I’m stretching the science end of things here to include some historical data. In chapter 8, Volf looks at the works of Kierkegaard, Nietzsche, and Freud on the topic of forgetting. The chapter is interesting but I’m going to skip blogging on Kierkegaard and Nietzsche and only make a small comment on Freud. Volf argues that Freud never saw forgetting as always having a deleterious impact on mental health. We know that Freud believed that bringing repressed memories to the surface so as to release pent up energy. But did you know that he also talked about removing or erasing memory? Volf recounts one of Freud’s cases (Emmy von N.) in Studies on Hysteria where he says the following:
…and I made it impossible for her to see any of these melancholy things again, and not only by wiping out her memories of them in their plastic form, but by removing her whole recollection of them, as though they have never been present in her mind. (Volf, p154).
How did he do it you ask? Hypnosis. Later when he abandoned hypnosis, he talked about the fading of memories through something called “effacement.” The idea is that when you “starve” memories by releasing/removing the affect given them, they fade into the misty past. This is not motivated forgetting in order to reduce distress, but the reduction of distress that causes memories to fade.
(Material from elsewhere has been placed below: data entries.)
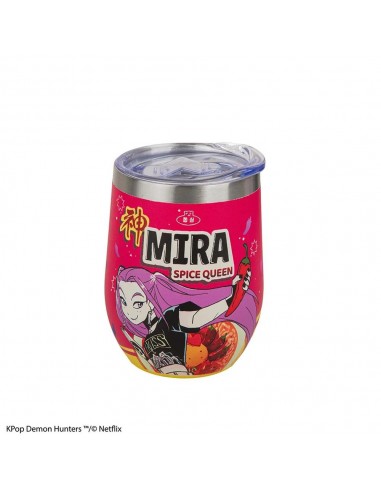 Taza de viaje isotermica cinereplicas kpop demon hunters mira spice queen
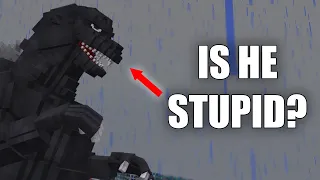 Minecraft's Big Silly Godzilla DLC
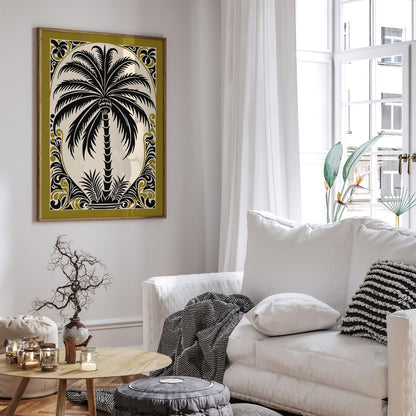 Bohemian Palm Tree Art Print
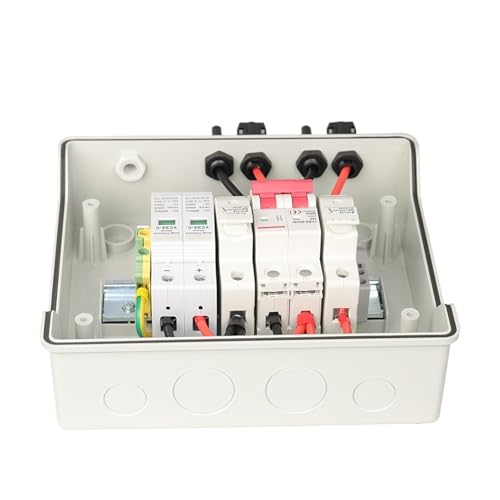 Coffret de combinaison solaire 600V 16A avec fusible et MCB IP65 - 6
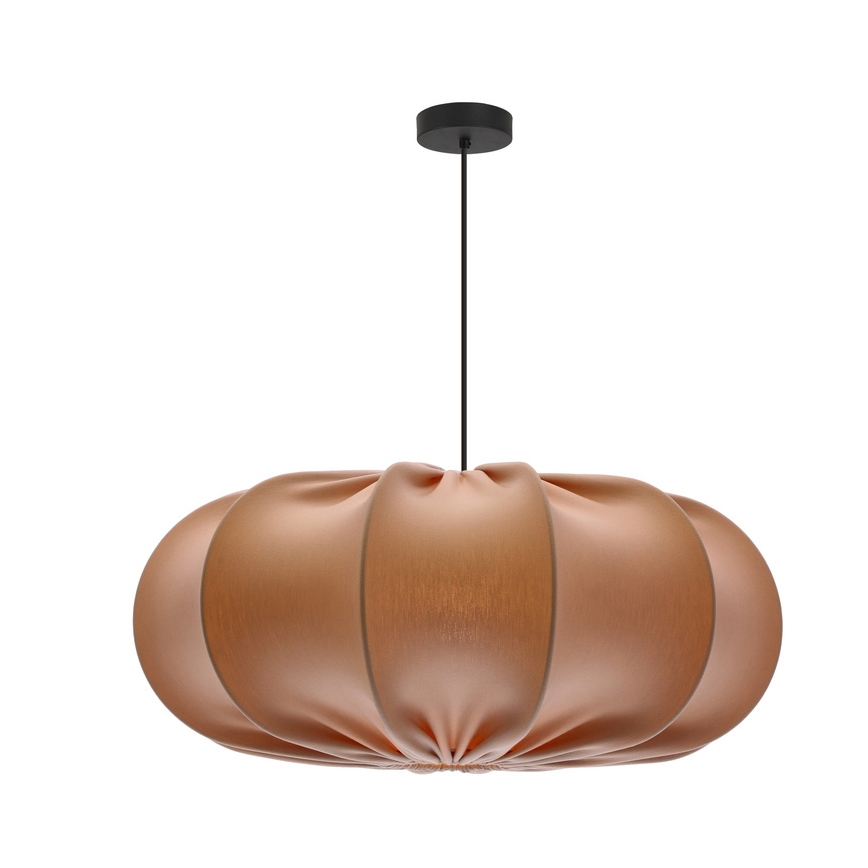 Lampa wisząca na lince CAFEE 1xE27/40W/230V śr. 52 cm beżowa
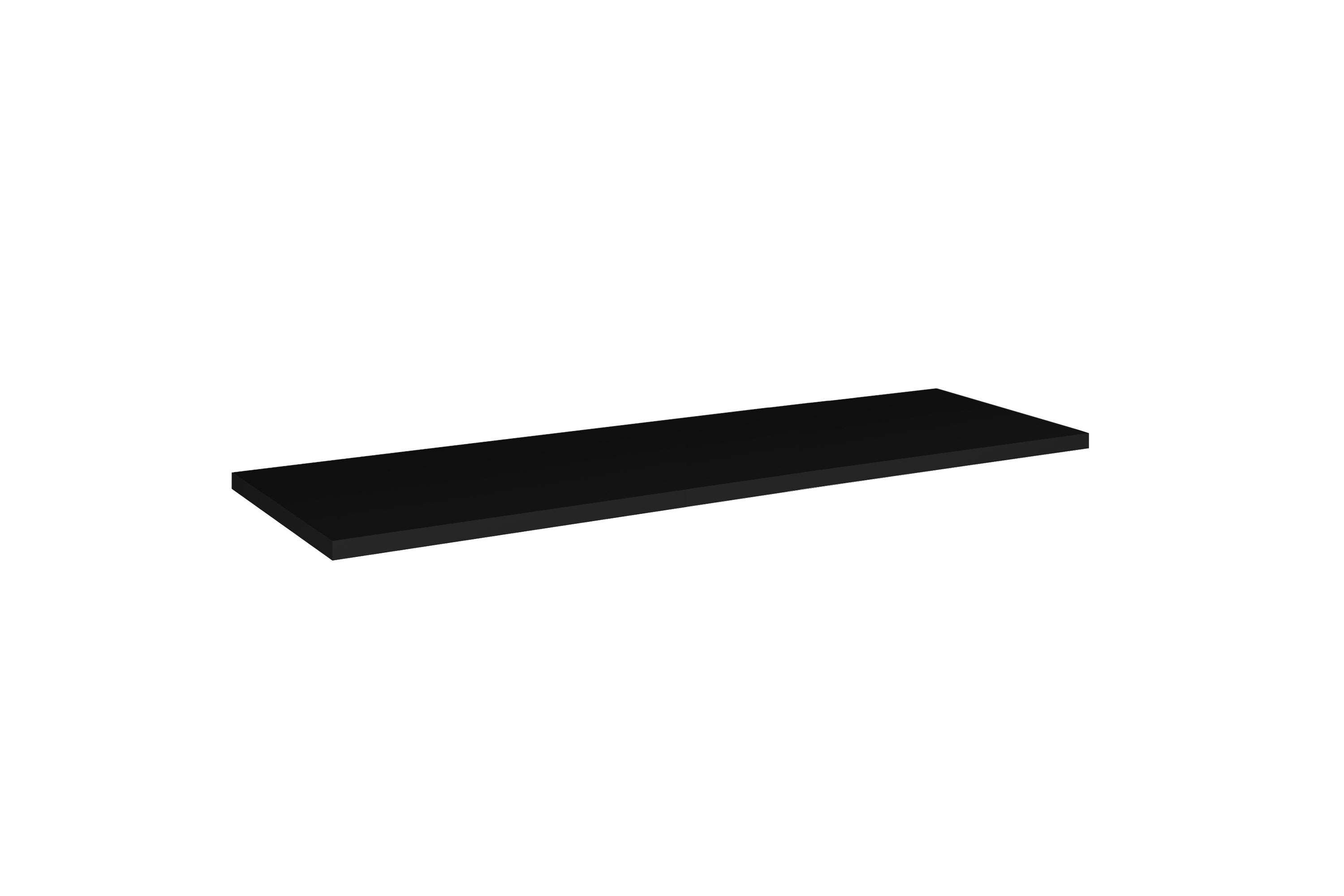 Comad Nova Black pult 120.4x40 cm fekete NOVA BLACK B 89-120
Makes sense. I forget things every day that have no meaning to me. But nearly hit me on my way to work with your massive SUV and I’ll remember it well. However, since most days I don’t have near misses, I’ll begin to forget…
All well and good, but if the abuse or wrongs suffered are so big or at such a critical time in life, can I ever really forget? Its certainly a lot easier to forget and go back to a “normal” time but much harder to do so if there never was a “normal” time.